What this task involves |
Retype each entry below precisely as it reads.

[Stored data entries]
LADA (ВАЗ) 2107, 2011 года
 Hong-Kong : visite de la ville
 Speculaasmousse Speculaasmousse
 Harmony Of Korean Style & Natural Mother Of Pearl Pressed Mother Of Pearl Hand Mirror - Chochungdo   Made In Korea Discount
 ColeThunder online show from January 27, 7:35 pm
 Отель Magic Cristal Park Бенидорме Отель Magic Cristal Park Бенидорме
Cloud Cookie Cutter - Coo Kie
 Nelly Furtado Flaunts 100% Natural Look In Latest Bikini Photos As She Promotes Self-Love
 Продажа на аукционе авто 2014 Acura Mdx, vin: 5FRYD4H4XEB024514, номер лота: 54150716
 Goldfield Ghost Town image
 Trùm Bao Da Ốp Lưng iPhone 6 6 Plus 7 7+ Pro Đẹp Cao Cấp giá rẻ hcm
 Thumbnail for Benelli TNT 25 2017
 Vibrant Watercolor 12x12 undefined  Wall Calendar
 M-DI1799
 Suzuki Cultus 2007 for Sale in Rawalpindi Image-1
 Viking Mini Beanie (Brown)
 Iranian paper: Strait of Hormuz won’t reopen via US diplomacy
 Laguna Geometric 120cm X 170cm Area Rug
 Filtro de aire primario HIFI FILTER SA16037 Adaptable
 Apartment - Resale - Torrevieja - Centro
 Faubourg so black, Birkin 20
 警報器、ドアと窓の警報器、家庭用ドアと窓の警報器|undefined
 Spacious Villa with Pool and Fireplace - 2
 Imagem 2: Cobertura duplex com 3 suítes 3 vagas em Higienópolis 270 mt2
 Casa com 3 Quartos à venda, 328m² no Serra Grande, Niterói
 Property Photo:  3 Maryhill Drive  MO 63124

Answer section |
LADA (ВАЗ) 2107, 2011 года
 Hong-Kong : visite de la ville
 Speculaasmousse Speculaasmousse
 Harmony Of Korean Style & Natural Mother Of Pearl Pressed Mother Of Pearl Hand Mirror - Chochungdo   Made In Korea Discount
 ColeThunder online show from January 27, 7:35 pm
 Отель Magic Cristal Park Бенидорме Отель Magic Cristal Park Бенидорме
Cloud Cookie Cutter - Coo Kie
 Nelly Furtado Flaunts 100% Natural Look In Latest Bikini Photos As She Promotes Self-Love
 Продажа на аукционе авто 2014 Acura Mdx, vin: 5FRYD4H4XEB024514, номер лота: 54150716
 Goldfield Ghost Town image
 Trùm Bao Da Ốp Lưng iPhone 6 6 Plus 7 7+ Pro Đẹp Cao Cấp giá rẻ hcm
 Thumbnail for Benelli TNT 25 2017
 Vibrant Watercolor 12x12 undefined  Wall Calendar
 M-DI1799
 Suzuki Cultus 2007 for Sale in Rawalpindi Image-1
 Viking Mini Beanie (Brown)
 Iranian paper: Strait of Hormuz won’t reopen via US diplomacy
 Laguna Geometric 120cm X 170cm Area Rug
 Filtro de aire primario HIFI FILTER SA16037 Adaptable
 Apartment - Resale - Torrevieja - Centro
 Faubourg so black, Birkin 20
 警報器、ドアと窓の警報器、家庭用ドアと窓の警報器|undefined
 Spacious Villa with Pool and Fireplace - 2
 Imagem 2: Cobertura duplex com 3 suítes 3 vagas em Higienópolis 270 mt2
 Casa com 3 Quartos à venda, 328m² no Serra Grande, Niterói
 Property Photo:  3 Maryhill Drive  MO 63124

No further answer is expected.